Türkiye İnsan Hakları Vakfı (TİHV) tarafından hazırlanan bir raporda, ülkede ifade; medya, toplantı, gösteri ve örgütlenme özgürlüklerinin sistematik bir saldırı altında olduğuna dikkat çekilerek, “sorunun temelinde sadece uygulamaya ilişkin yanlışlar değil, esas olarak mevcut siyasi yapının, iktidarın ve rejimin kendisi vardır” tespiti yapıldı.
TİHV Akademi tarafından, “Kuşatma Altındaki Yurttaşlık Alanı” başlıklı 73 sayfalık raporda, temel özgürlükleri hedef alan baskıların 2015-2019 yılları arasındaki beş yıllık dönemde nasıl bir seyir izlediği mercek altına alındı. Raporda, Türkiye’nin 2010 Anayasa referandumundan itibaren tedricen anayasızlaştırıldığı, 2017 Anayasa değişikliği ile kuvvetler ayrılığı ve parlamenter rejimin fiilen ortadan kaldırıldığı ifade edildi.
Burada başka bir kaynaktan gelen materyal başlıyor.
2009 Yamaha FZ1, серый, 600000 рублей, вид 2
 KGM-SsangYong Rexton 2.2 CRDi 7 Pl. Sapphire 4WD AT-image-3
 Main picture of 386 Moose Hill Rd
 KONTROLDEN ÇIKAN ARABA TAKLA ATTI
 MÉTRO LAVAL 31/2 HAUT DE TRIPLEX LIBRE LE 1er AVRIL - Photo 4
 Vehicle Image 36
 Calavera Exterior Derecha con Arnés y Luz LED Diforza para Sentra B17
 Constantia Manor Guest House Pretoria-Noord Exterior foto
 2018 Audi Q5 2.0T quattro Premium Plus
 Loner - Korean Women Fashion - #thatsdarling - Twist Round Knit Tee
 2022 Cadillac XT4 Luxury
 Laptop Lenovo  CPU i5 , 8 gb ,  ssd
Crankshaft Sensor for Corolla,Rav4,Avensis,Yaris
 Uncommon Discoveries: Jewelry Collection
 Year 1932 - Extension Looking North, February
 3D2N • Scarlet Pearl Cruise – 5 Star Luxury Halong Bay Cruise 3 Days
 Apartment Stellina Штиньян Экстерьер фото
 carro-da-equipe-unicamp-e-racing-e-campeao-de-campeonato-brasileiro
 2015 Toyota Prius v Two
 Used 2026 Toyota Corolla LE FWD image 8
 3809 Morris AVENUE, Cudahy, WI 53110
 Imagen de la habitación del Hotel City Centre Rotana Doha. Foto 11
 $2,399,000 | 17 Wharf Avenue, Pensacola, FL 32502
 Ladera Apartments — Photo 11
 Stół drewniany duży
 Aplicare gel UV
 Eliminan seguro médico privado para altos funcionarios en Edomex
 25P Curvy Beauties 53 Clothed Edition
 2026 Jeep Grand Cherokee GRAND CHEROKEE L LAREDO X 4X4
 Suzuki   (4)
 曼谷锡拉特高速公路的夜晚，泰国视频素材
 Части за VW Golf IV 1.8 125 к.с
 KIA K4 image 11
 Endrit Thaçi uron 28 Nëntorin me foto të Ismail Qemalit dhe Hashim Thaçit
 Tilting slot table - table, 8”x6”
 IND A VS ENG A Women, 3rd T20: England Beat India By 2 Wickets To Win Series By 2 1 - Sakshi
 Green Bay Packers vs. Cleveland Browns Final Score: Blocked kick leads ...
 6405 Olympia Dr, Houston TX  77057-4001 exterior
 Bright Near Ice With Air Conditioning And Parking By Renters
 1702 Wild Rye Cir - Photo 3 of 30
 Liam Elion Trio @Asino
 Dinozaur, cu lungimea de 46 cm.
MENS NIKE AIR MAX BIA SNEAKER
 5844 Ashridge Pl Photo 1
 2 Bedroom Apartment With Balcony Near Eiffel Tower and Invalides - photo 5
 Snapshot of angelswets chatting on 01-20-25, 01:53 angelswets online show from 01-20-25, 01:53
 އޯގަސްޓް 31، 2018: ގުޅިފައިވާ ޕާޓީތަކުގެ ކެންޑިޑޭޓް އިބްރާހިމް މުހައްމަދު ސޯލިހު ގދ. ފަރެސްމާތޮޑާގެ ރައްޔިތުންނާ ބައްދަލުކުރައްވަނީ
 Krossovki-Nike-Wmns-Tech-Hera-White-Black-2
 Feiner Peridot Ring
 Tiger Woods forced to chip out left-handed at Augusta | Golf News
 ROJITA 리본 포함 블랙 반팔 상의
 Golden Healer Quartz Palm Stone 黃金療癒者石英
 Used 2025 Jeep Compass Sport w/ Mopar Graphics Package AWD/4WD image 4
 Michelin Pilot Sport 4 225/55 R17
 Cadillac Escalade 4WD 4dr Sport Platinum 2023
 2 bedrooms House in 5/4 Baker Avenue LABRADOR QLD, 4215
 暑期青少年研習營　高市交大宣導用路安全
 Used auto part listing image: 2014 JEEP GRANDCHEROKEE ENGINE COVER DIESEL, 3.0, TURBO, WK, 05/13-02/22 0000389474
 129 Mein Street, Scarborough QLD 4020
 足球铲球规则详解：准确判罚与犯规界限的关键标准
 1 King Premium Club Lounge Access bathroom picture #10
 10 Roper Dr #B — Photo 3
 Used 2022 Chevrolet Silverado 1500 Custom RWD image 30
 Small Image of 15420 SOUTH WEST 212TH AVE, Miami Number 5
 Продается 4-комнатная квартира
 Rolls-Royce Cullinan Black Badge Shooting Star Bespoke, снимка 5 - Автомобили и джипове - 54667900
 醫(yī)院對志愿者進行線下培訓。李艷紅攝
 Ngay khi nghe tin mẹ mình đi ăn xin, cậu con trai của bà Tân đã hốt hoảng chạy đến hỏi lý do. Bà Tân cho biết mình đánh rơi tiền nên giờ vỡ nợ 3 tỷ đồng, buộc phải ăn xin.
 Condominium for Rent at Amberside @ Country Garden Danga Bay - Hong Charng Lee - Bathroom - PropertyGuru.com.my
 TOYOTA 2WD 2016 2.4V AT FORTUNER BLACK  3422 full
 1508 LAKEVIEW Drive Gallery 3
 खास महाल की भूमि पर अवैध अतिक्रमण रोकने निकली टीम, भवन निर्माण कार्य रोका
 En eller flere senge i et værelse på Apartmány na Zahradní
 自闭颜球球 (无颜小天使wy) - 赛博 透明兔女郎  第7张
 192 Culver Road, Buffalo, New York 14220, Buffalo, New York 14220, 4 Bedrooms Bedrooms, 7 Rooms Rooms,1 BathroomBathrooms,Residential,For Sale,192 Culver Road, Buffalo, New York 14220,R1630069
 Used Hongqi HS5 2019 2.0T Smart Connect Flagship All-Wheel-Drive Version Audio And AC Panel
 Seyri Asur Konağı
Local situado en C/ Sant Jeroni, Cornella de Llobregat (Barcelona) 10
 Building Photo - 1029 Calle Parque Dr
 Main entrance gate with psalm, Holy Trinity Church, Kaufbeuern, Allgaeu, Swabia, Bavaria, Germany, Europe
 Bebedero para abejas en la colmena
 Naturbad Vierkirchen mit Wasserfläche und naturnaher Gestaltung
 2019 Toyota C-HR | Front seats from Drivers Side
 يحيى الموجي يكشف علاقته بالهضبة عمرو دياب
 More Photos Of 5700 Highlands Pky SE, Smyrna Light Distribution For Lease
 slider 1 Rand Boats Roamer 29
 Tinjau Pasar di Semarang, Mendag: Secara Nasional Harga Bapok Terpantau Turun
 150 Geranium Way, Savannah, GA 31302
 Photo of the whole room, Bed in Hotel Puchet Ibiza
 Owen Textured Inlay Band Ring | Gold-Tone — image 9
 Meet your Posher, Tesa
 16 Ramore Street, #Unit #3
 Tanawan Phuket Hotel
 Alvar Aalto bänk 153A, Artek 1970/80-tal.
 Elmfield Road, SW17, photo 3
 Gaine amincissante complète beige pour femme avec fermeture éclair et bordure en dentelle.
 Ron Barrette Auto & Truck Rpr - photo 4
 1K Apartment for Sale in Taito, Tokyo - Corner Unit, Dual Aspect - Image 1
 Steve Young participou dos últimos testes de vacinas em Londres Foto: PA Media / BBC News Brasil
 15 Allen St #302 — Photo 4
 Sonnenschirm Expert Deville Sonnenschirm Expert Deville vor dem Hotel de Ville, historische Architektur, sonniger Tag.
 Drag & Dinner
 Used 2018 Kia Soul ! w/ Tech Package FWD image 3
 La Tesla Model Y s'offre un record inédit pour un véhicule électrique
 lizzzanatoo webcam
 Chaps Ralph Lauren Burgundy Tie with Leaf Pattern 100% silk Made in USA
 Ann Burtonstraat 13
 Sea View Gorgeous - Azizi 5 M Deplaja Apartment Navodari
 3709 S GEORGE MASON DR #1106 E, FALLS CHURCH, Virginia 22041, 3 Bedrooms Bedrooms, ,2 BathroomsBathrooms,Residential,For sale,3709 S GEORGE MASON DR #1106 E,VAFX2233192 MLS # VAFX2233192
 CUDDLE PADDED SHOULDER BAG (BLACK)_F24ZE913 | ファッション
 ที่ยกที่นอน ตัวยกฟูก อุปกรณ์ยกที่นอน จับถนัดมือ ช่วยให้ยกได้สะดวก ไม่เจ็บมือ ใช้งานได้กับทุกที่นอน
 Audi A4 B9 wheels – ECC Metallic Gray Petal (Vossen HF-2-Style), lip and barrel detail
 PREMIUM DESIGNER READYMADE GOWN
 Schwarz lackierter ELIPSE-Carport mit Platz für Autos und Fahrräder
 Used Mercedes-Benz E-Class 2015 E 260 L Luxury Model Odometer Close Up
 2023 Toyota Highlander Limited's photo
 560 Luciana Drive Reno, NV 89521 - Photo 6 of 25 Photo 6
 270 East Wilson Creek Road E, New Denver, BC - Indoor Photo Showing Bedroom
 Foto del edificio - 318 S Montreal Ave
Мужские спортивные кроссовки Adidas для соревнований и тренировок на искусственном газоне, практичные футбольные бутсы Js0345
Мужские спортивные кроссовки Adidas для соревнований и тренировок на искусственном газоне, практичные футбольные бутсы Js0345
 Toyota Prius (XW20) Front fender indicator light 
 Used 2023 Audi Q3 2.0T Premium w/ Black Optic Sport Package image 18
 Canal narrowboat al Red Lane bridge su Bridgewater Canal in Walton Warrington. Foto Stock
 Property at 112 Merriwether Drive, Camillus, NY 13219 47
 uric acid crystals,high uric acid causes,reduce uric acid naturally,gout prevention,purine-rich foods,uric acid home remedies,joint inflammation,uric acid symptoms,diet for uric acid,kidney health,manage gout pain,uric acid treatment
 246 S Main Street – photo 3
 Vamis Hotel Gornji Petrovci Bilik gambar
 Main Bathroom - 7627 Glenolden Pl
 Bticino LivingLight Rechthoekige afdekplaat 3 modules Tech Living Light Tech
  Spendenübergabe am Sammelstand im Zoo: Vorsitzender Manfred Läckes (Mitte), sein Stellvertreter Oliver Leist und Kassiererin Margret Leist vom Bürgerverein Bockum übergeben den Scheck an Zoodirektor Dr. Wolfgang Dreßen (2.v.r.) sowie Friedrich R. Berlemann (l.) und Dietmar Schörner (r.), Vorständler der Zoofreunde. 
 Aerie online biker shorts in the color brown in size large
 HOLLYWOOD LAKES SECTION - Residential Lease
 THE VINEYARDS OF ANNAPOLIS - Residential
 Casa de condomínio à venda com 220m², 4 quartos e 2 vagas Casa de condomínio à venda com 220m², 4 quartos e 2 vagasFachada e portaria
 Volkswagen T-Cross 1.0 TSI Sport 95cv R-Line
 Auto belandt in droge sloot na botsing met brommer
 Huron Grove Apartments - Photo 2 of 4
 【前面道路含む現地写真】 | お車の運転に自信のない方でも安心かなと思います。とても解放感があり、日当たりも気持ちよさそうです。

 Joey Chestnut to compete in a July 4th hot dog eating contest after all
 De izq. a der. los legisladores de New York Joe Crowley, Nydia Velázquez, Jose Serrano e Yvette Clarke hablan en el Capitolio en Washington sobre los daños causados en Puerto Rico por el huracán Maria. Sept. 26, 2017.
Raporun TİHV Dokümantasyon Merkezi’nin verileriyle hazırlandığına işaret edilen TİHV yazılı açıklamasında, "Rapor, demokratik yurttaşlık alanının siyasi iktidar tarafından nasıl ve hangi mekanizmalarla kuşatılıp daraltıldığını somut veriler ışığında görünür kılmayı amaçlıyor" denildi.
“Kuvvetler ayrılığı ortadan kaldırıldı”
Raporda, Türkiye’nin 2010 Anayasa referandumundan itibaren tedricen anayasızlaştırıldığı, 2017 Anayasa değişikliği ile kuvvetler ayrılığı ve parlamenter rejimin fiilen ortadan kaldırıldığı ifade edildi.
Söz konusu dönemde hukuk devleti, yargı bağımsızlığı ve yargısal denetimin yok denecek düzeye geriletildiği kaydedilen raporda, siyasal çoğulculuk ve seçim güvenliğinin de ağır biçimde zedelendiği uyarısı yapıldı.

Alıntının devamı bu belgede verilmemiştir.